▶ **Problem to solve**: When a record holds a picture, leave the picture out and copy everything else exactly.

▶ **Material provided**:
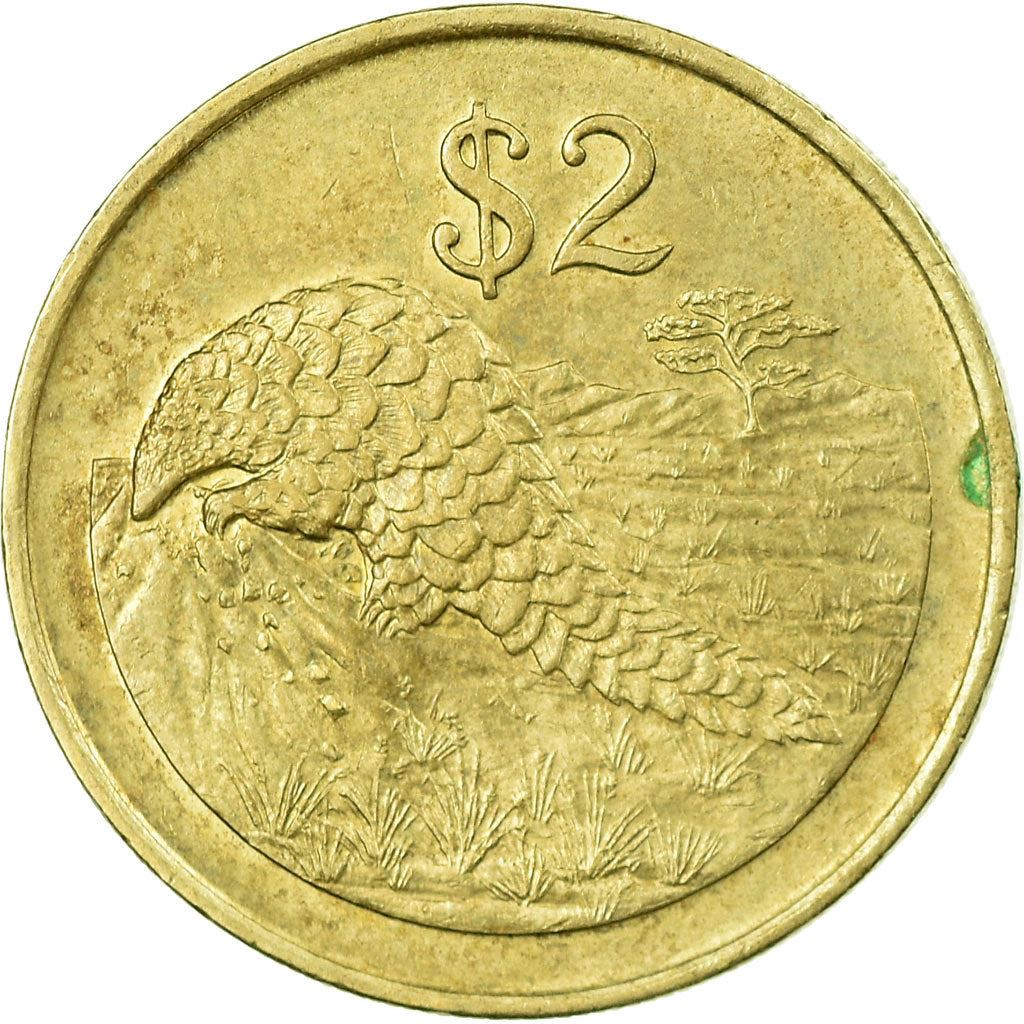 Zimbabwe | 2 Dollars Coin | Pangolins | Km:12 | 1997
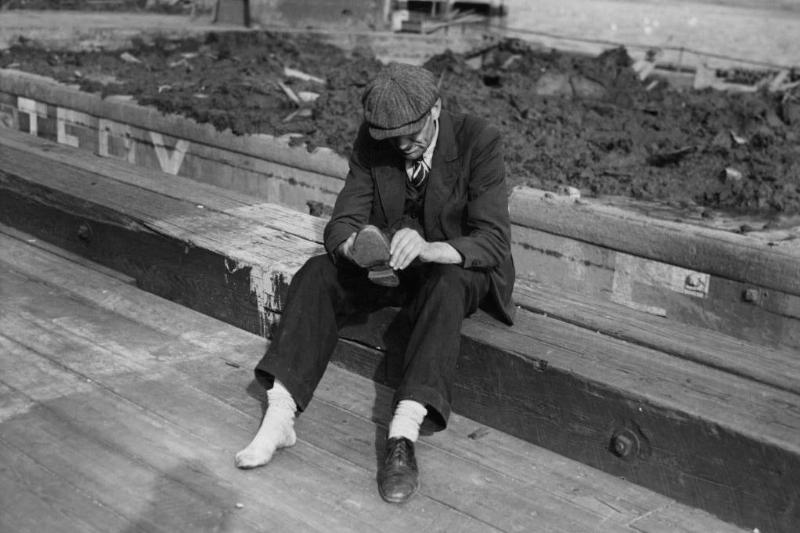 Man putting on his shoes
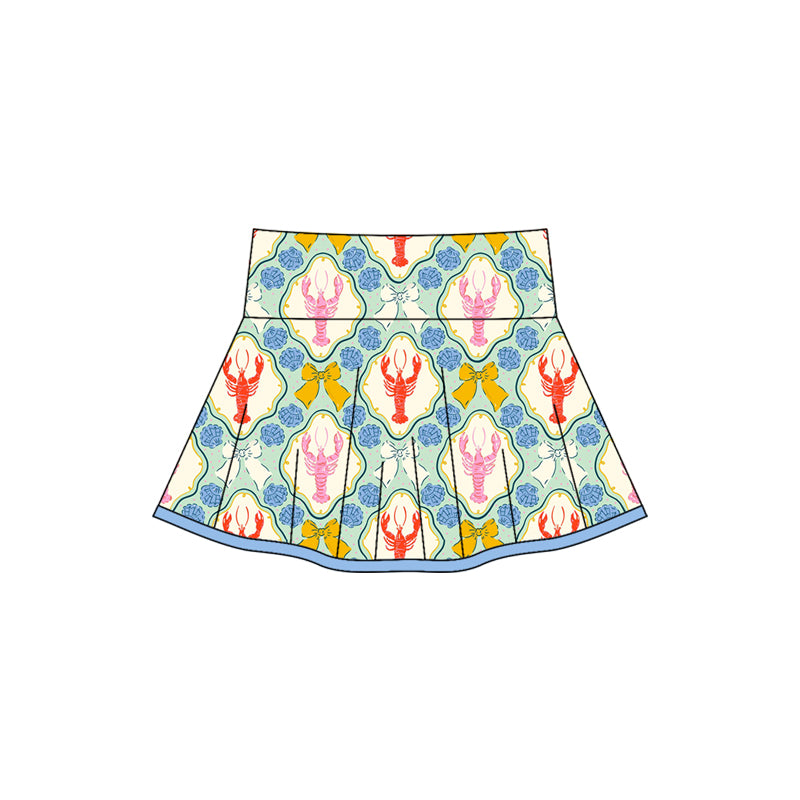 (Pre-order)GLK0102 Crayfish Bows Shell Print Girls Summer Bottom Yoga Skirts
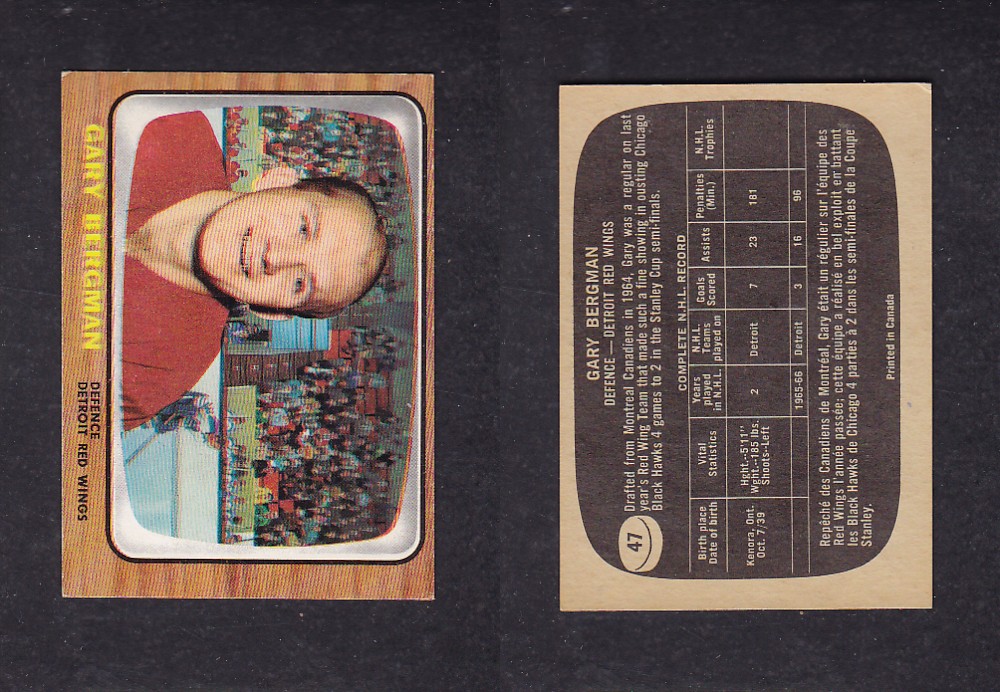 1966-67 TOPPS HOCKEY CARD #47 G. BERGMAN photo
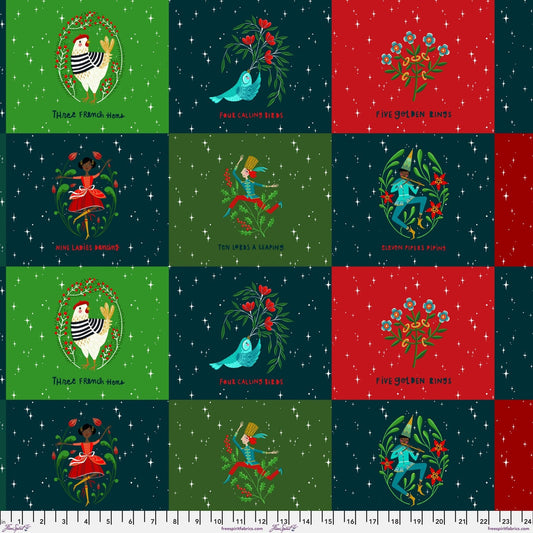 Christmas Days quilting panel, part of the 12 Days of Christmas fabric collection by Cori Dantini (SKU: PWCD132.XPANEL)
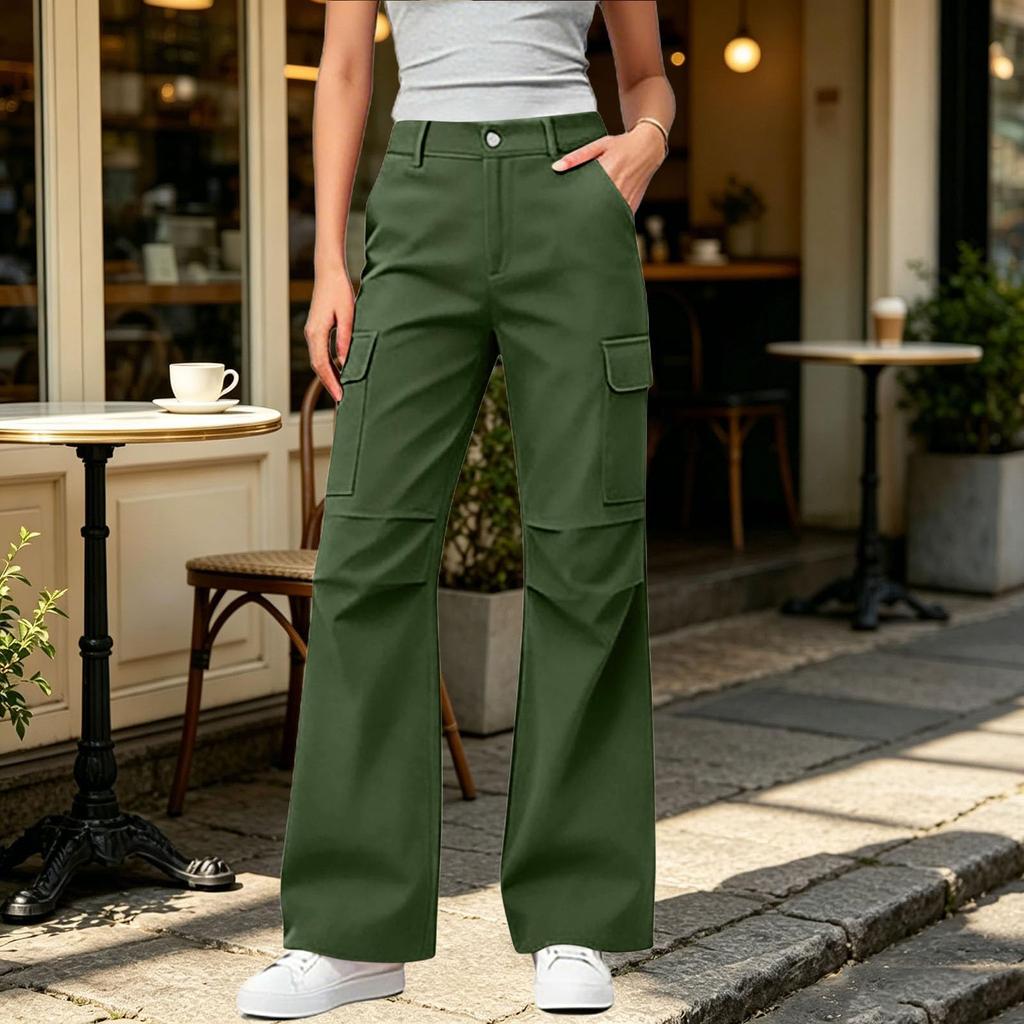 Women's Casual Loose Fit Cargo Pants with Multiple Pockets for Everyday Wear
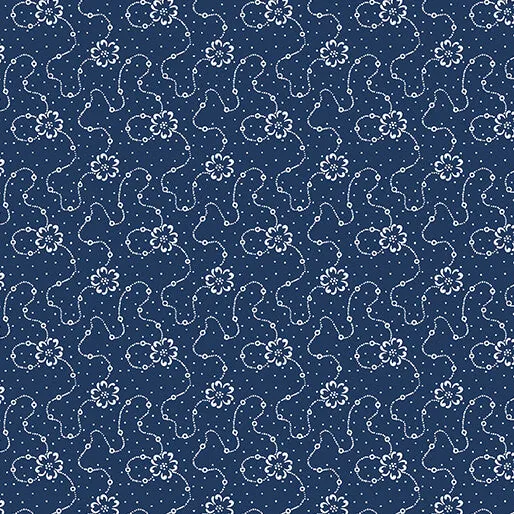 Classic Keepsakes in Blue 14655-55 Calico Floral Navy Blue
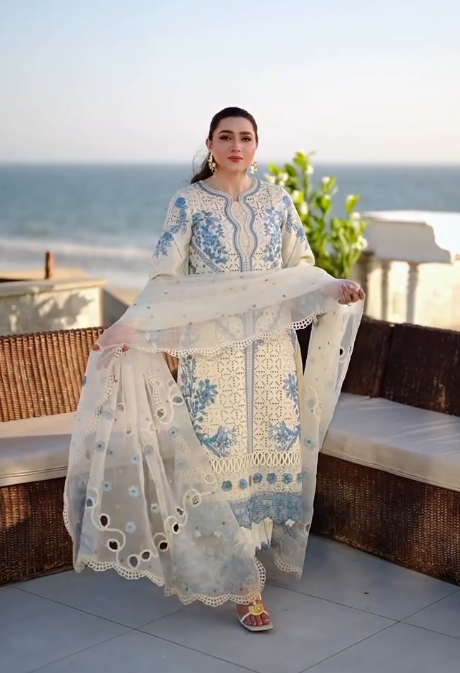 Women's White & Sky Blue Embroidered Lawn Suit with Organza Dupatta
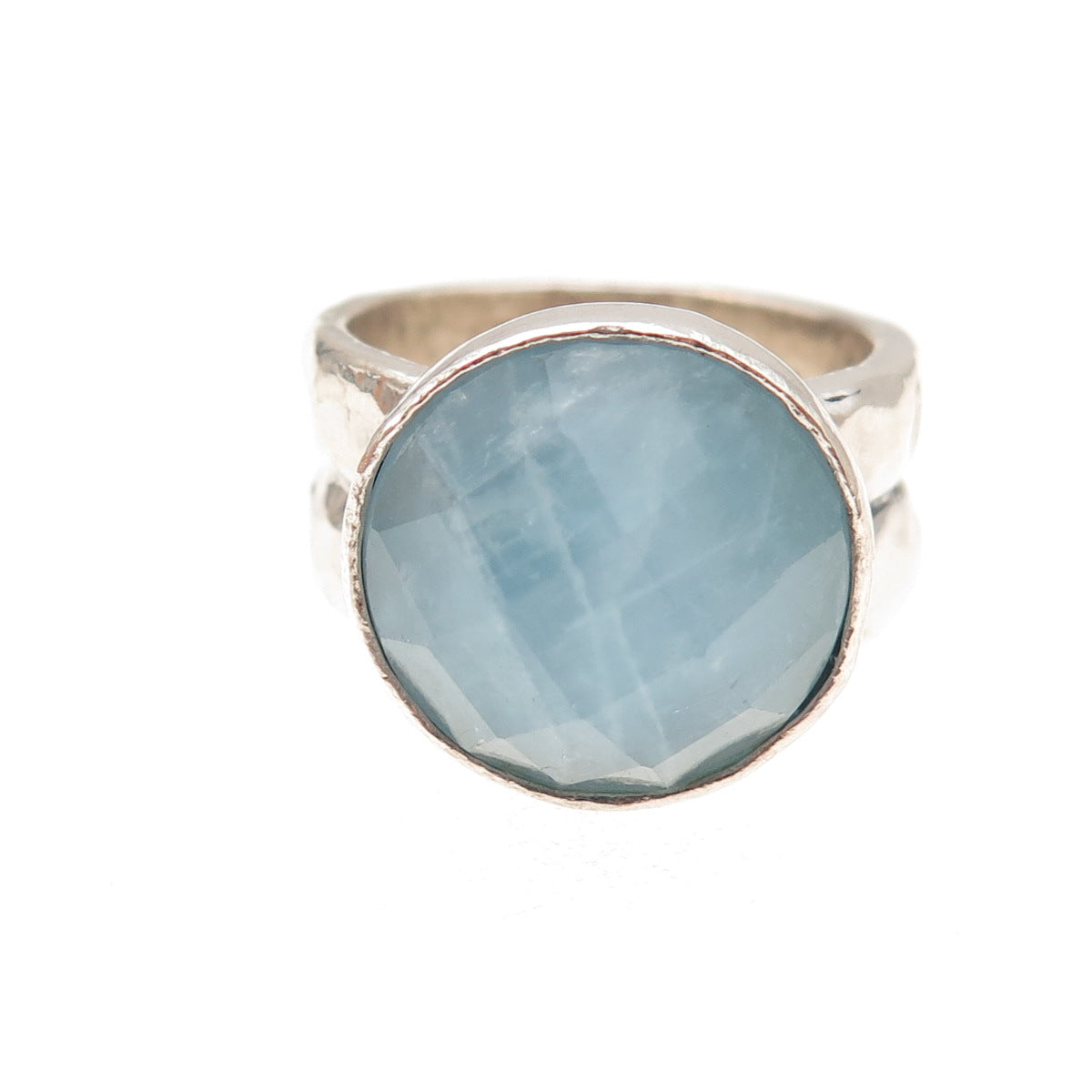 925 Sterling Silver Vintage Real Milky Aquamarine Modernist Oxidized Ring Size 9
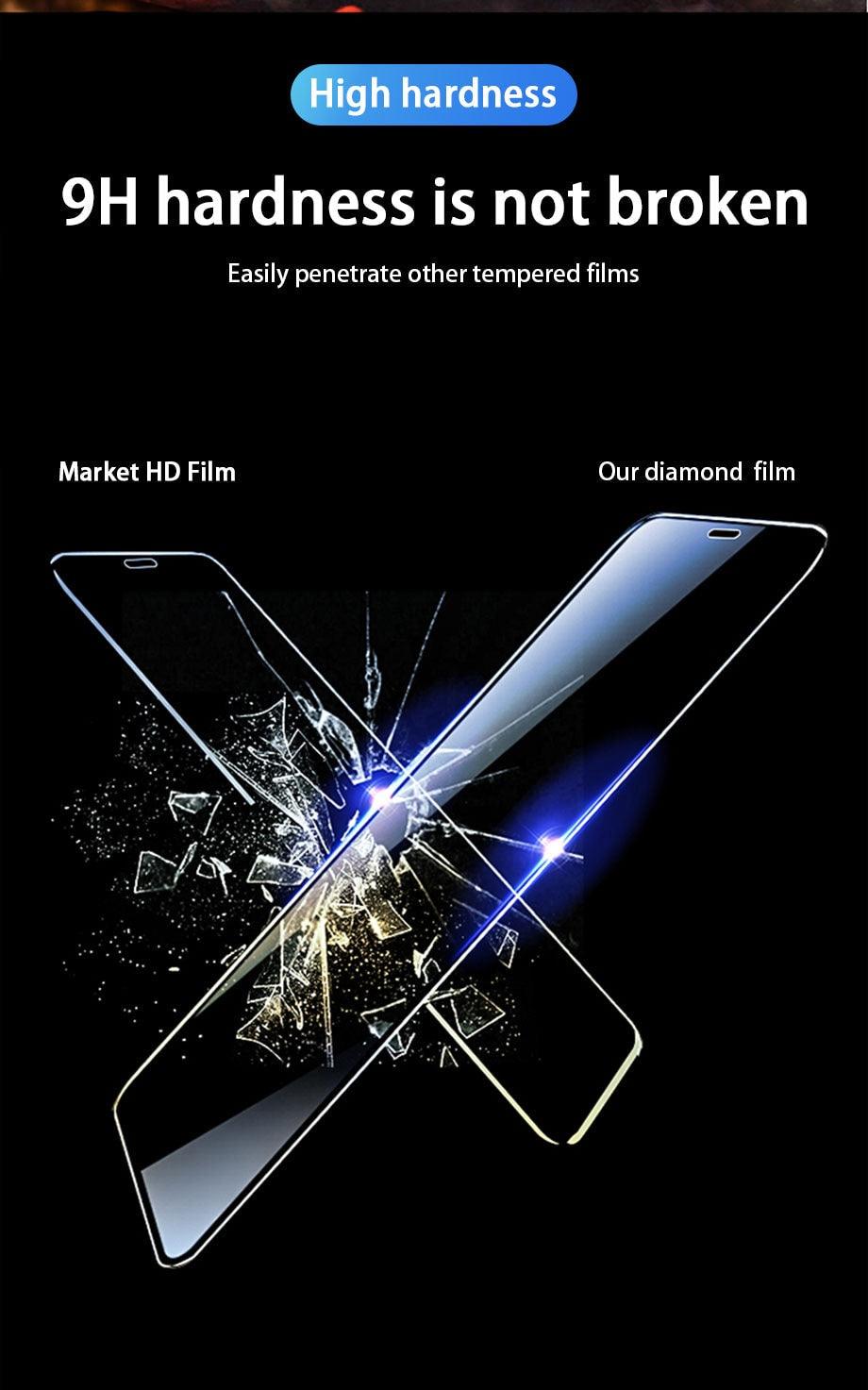3pcs Full Cover Protective Glass On For Iphone 11 12 13 Pro Max Tempered Glass Film Iphone X Xr Xs Screen Protector Curved Edge Anti Scratch Bubble Free Smooth Tempered Glass Screen Protector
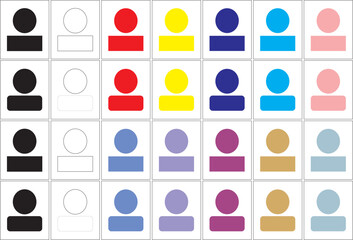 set of icons of people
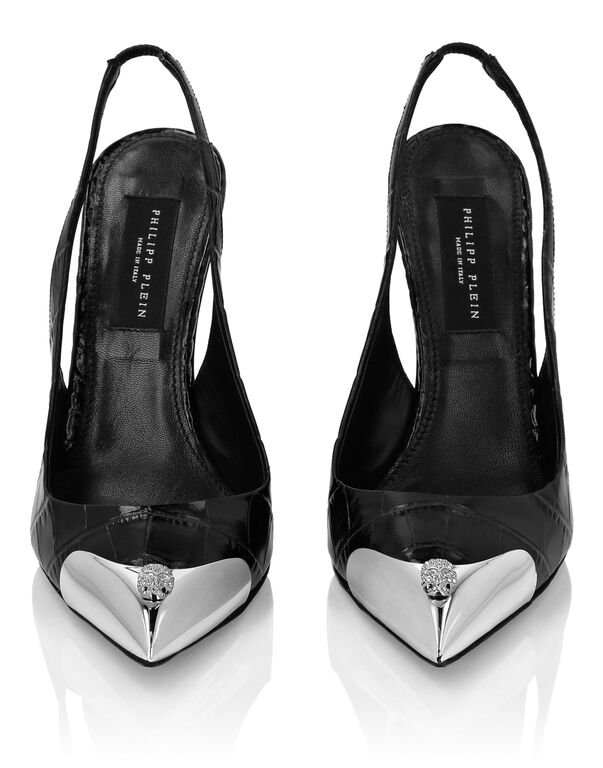 Crocco Slingback High Heels Shoes Skull strass black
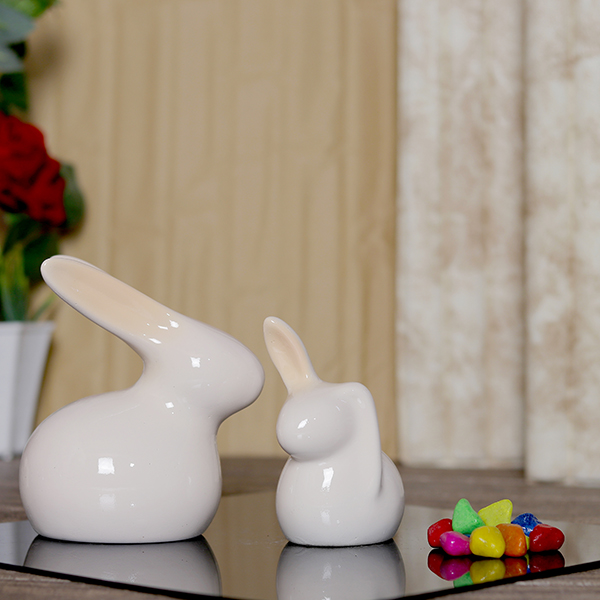 Rabbit Showpiece Set of 2 for Home Decor (Peach) Polyresin – 5.5 Inch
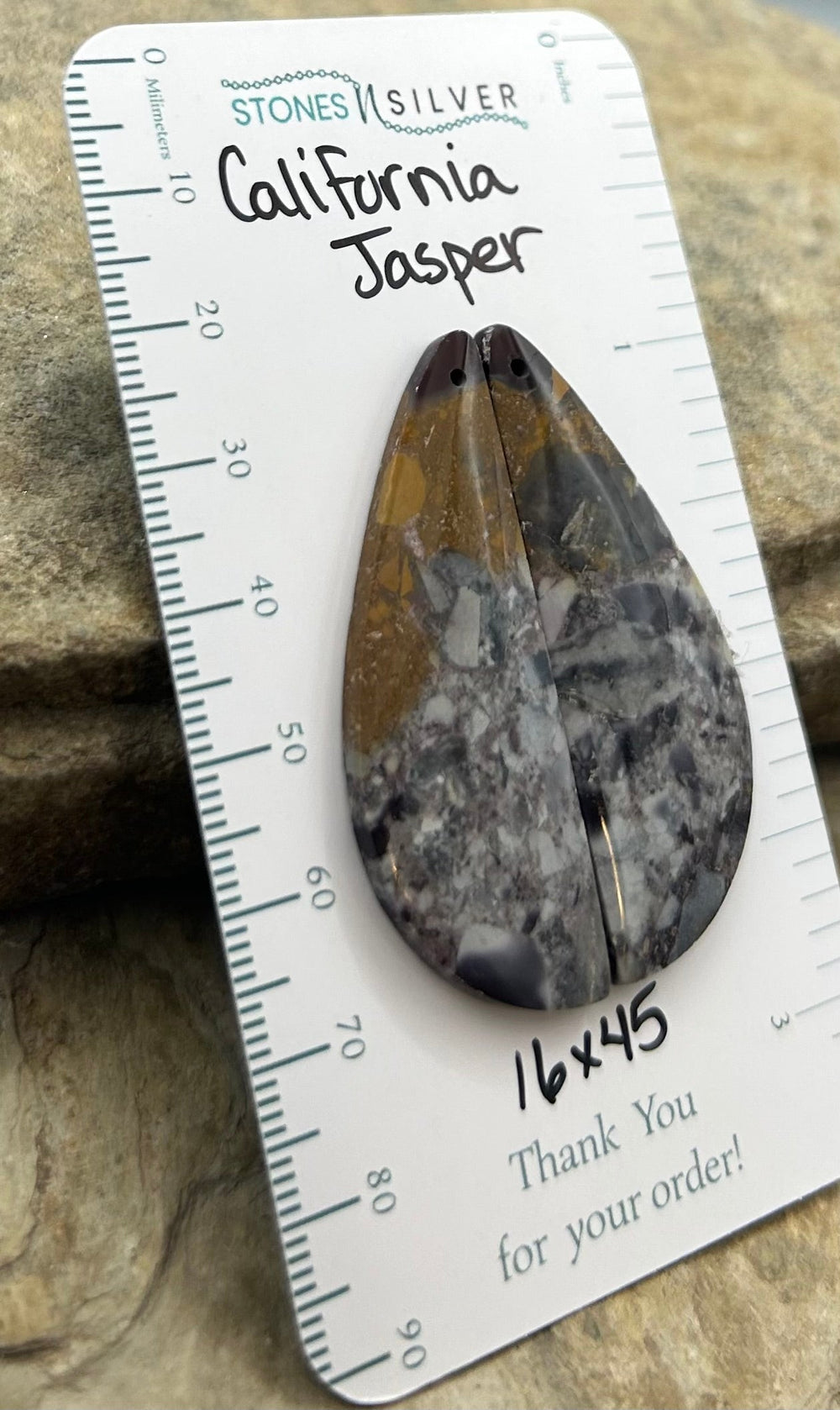 California Jasper Matching Earring Slab Bead Pair 16x45mm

▶ **Exercise answer**:
 Zimbabwe | 2 Dollars Coin | Pangolins | Km:12 | 1997
 Man putting on his shoes
 (Pre-order)GLK0102 Crayfish Bows Shell Print Girls Summer Bottom Yoga Skirts
 1966-67 TOPPS HOCKEY CARD #47 G. BERGMAN photo
 Christmas Days quilting panel, part of the 12 Days of Christmas fabric collection by Cori Dantini (SKU: PWCD132.XPANEL)
 Women's Casual Loose Fit Cargo Pants with Multiple Pockets for Everyday Wear
 Classic Keepsakes in Blue 14655-55 Calico Floral Navy Blue
 Women's White & Sky Blue Embroidered Lawn Suit with Organza Dupatta
 925 Sterling Silver Vintage Real Milky Aquamarine Modernist Oxidized Ring Size 9
3pcs Full Cover Protective Glass On For Iphone 11 12 13 Pro Max Tempered Glass Film Iphone X Xr Xs Screen Protector Curved Edge Anti Scratch Bubble Free Smooth Tempered Glass Screen Protector
 set of icons of people
 Crocco Slingback High Heels Shoes Skull strass black
 Rabbit Showpiece Set of 2 for Home Decor (Peach) Polyresin – 5.5 Inch
 California Jasper Matching Earring Slab Bead Pair 16x45mm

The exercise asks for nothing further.